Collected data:
=-=-=
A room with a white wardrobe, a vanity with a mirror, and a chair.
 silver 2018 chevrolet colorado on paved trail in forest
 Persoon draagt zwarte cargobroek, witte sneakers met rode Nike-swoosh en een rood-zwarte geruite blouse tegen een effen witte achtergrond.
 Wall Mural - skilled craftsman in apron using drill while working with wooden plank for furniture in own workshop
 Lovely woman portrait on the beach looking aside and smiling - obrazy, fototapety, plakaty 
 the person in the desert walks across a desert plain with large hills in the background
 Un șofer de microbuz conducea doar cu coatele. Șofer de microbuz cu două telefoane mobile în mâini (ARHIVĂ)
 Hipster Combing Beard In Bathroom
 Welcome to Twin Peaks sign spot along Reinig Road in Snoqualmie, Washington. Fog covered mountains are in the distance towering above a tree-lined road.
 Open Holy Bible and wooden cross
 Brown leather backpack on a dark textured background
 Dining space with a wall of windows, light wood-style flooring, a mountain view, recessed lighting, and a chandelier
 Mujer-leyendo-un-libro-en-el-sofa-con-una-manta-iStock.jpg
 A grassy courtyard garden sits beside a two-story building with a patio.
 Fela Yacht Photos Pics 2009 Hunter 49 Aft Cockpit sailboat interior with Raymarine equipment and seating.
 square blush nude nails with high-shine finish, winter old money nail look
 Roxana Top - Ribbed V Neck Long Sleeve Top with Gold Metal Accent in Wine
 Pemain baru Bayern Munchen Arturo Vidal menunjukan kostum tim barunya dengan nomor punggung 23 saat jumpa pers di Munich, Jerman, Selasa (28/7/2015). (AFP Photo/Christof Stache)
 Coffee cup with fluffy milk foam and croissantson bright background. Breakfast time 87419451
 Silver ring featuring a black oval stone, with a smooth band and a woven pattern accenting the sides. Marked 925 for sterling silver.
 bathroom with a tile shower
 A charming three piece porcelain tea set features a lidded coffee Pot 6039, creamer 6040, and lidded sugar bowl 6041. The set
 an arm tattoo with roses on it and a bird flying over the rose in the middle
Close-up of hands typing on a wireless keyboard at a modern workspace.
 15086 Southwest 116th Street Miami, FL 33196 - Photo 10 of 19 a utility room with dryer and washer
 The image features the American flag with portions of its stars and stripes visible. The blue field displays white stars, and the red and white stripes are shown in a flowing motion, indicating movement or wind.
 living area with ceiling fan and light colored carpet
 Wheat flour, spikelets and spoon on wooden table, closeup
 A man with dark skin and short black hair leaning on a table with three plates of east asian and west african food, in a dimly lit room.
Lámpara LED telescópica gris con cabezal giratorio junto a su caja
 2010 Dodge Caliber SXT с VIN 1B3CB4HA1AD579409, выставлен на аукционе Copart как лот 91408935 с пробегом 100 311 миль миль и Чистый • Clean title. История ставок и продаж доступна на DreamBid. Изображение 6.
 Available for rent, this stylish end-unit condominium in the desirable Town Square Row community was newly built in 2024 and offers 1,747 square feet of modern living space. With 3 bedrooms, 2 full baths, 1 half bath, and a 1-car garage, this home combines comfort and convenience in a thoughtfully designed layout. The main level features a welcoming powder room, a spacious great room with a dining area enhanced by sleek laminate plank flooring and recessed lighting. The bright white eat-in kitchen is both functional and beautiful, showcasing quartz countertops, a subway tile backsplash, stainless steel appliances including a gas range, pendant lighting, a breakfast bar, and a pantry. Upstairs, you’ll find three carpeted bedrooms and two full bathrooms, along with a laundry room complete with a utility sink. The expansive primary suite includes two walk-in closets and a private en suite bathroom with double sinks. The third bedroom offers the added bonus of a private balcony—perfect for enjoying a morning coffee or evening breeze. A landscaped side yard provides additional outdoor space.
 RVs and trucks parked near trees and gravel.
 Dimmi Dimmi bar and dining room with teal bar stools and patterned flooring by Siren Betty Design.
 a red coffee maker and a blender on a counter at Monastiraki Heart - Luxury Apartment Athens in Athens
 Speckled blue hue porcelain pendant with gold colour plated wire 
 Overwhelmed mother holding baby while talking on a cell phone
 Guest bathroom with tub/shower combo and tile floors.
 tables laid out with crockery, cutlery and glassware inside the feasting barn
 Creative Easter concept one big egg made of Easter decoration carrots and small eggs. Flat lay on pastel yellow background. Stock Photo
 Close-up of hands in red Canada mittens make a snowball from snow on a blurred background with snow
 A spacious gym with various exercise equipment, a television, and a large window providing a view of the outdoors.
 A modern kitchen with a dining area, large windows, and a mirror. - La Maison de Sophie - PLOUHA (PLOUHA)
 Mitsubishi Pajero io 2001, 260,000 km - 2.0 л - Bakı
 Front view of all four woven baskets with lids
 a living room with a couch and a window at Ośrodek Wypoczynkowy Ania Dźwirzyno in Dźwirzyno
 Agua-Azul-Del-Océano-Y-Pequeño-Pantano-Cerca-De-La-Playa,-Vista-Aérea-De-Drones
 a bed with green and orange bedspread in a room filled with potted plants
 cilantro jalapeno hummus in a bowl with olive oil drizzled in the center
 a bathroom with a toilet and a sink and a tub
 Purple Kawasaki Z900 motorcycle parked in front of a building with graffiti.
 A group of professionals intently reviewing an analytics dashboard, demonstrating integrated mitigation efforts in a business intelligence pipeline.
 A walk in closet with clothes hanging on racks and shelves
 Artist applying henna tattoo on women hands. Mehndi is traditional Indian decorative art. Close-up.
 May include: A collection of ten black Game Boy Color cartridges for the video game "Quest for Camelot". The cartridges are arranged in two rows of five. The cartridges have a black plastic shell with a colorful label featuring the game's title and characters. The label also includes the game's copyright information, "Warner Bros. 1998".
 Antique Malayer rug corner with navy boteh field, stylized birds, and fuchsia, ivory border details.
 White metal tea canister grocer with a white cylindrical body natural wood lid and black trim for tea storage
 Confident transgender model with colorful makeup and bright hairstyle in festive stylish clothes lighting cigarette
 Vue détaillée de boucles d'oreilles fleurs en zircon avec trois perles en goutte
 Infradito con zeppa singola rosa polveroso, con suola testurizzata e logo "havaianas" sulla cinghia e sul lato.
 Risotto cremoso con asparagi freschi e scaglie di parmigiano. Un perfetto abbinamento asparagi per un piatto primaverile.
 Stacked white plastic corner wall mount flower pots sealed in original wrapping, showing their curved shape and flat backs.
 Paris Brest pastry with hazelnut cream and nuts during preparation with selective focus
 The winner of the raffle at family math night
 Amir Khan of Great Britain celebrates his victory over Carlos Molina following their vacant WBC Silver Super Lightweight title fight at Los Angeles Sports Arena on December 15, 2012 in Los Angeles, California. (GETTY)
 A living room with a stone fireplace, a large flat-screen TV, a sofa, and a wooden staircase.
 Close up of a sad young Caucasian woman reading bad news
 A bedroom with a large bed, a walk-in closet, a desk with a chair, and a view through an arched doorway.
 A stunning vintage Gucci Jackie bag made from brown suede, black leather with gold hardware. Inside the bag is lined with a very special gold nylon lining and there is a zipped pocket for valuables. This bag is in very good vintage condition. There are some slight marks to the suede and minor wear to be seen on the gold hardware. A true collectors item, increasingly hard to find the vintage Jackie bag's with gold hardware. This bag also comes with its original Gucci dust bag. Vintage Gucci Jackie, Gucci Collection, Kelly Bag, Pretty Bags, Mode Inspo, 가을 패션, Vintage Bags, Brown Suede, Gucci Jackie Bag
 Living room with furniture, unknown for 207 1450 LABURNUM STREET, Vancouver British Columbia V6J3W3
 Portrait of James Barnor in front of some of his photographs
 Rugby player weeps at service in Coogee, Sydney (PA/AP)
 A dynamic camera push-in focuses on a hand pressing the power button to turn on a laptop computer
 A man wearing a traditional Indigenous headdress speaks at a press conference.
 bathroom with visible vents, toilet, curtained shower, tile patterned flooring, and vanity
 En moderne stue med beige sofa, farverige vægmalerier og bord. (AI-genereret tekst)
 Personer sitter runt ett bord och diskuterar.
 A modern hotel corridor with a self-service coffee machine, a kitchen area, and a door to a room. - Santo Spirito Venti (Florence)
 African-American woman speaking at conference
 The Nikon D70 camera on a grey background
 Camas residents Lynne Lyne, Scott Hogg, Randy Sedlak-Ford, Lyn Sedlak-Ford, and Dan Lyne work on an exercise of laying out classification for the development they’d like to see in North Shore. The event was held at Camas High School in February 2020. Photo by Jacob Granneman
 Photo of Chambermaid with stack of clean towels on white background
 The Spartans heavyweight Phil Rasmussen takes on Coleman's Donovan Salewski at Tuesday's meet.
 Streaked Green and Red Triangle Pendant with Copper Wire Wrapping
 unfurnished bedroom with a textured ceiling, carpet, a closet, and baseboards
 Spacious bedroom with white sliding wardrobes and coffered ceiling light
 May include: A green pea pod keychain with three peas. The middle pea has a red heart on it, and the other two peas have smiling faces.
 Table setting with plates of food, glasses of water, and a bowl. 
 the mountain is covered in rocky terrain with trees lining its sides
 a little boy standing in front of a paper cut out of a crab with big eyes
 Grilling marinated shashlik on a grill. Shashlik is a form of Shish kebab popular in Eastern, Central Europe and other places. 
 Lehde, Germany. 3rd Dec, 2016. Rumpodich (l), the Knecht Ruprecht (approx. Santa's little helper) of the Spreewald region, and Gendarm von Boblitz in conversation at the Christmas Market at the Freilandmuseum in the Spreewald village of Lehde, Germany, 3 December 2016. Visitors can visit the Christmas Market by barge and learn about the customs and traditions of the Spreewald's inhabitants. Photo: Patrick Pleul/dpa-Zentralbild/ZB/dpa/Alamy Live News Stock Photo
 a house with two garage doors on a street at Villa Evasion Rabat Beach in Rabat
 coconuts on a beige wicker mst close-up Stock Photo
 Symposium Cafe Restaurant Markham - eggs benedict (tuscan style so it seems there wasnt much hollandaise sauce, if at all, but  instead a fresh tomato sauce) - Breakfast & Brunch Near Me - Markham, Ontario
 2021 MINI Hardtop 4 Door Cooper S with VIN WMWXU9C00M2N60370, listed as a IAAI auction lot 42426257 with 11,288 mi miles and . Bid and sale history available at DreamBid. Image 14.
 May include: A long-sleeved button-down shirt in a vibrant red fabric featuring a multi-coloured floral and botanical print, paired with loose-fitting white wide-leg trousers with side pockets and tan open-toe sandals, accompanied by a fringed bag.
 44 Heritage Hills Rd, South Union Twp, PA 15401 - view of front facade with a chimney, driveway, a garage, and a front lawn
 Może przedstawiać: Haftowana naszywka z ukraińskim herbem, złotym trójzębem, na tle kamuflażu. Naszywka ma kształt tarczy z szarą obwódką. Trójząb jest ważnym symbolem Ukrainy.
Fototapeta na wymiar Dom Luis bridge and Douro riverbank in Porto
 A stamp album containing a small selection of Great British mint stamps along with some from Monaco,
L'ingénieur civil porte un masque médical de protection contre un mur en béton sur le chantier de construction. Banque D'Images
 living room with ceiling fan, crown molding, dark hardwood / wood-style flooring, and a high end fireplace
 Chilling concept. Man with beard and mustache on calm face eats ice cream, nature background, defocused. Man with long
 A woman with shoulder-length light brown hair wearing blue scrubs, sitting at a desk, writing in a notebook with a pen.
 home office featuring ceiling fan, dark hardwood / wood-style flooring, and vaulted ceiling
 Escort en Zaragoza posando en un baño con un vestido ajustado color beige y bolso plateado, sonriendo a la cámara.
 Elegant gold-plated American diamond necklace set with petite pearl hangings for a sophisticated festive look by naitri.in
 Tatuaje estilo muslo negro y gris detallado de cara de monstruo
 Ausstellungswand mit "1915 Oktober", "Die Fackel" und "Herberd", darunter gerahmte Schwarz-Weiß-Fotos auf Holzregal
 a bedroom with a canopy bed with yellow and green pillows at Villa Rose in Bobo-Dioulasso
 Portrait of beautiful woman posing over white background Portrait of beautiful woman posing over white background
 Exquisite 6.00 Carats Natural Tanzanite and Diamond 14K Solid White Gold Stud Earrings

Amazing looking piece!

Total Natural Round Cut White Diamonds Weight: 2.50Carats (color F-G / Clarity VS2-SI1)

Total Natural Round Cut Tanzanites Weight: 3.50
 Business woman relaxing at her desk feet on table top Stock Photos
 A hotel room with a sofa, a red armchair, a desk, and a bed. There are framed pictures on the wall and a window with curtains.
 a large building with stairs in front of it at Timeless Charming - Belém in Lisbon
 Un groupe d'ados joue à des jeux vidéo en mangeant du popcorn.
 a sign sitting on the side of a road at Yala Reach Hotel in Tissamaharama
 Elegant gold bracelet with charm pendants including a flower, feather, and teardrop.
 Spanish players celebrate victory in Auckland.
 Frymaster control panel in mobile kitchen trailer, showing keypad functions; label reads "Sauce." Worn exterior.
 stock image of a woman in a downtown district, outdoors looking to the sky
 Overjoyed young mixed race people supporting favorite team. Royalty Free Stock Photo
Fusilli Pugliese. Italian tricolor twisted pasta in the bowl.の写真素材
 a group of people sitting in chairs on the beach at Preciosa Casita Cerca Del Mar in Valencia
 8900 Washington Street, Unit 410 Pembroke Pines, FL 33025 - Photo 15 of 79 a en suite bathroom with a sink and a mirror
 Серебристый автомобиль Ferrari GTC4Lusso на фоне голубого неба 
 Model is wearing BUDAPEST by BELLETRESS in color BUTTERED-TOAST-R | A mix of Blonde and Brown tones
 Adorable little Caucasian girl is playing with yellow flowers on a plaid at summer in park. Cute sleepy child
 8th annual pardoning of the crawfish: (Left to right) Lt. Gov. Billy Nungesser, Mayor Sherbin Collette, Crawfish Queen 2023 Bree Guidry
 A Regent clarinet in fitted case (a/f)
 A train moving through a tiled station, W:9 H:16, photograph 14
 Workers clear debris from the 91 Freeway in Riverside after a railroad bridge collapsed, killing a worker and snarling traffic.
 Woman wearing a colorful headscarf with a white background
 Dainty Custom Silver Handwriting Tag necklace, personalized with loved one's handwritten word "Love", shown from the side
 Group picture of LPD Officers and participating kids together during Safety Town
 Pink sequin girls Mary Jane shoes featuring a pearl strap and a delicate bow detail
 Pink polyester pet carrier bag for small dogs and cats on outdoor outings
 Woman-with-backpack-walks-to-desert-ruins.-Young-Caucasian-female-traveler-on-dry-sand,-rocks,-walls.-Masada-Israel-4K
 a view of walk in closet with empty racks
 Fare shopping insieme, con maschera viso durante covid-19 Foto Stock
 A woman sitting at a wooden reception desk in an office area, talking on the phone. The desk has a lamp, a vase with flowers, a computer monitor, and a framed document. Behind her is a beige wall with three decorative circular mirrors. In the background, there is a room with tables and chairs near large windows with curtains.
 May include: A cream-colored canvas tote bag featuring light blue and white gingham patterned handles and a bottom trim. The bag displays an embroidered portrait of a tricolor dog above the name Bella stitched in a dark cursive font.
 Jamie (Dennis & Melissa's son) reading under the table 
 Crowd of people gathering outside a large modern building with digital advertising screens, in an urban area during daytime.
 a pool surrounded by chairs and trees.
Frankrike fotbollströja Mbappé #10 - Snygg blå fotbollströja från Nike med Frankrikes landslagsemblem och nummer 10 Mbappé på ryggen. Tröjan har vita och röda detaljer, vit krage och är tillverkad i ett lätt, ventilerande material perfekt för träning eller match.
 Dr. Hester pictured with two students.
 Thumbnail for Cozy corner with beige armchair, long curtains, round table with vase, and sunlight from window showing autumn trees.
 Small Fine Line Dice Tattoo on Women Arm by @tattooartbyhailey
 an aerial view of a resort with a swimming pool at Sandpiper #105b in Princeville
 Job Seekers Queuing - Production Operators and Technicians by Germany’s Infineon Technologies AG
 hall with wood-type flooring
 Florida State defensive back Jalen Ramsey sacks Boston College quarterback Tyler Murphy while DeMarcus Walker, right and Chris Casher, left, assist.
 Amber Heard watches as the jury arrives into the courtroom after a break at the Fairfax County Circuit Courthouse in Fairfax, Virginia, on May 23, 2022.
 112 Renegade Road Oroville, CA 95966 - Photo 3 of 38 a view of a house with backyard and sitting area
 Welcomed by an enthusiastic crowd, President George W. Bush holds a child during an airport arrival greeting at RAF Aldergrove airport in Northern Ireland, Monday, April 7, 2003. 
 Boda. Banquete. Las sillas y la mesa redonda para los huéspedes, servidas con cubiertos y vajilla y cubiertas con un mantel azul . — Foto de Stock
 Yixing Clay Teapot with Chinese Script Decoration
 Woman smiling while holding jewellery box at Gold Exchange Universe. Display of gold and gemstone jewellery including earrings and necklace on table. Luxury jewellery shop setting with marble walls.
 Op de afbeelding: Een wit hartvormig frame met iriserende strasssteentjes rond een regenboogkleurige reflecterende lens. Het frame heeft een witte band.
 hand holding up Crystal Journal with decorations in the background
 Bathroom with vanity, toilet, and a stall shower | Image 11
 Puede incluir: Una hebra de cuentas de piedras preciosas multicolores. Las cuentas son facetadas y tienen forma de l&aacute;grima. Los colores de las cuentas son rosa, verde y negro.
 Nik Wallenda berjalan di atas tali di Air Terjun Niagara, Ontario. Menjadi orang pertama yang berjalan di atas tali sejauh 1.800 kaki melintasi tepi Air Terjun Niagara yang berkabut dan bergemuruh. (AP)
=-=-=
Exercise brief ▸ Each line above from the one with "Persoon draagt zwarte" up to and including the one with "Hipster Combing Beard In Bathroom" must be set down exactly, and no line outside that span may appear.

Result ▸
 Persoon draagt zwarte cargobroek, witte sneakers met rode Nike-swoosh en een rood-zwarte geruite blouse tegen een effen witte achtergrond.
 Wall Mural - skilled craftsman in apron using drill while working with wooden plank for furniture in own workshop
 Lovely woman portrait on the beach looking aside and smiling - obrazy, fototapety, plakaty 
 the person in the desert walks across a desert plain with large hills in the background
 Un șofer de microbuz conducea doar cu coatele. Șofer de microbuz cu două telefoane mobile în mâini (ARHIVĂ)
 Hipster Combing Beard In Bathroom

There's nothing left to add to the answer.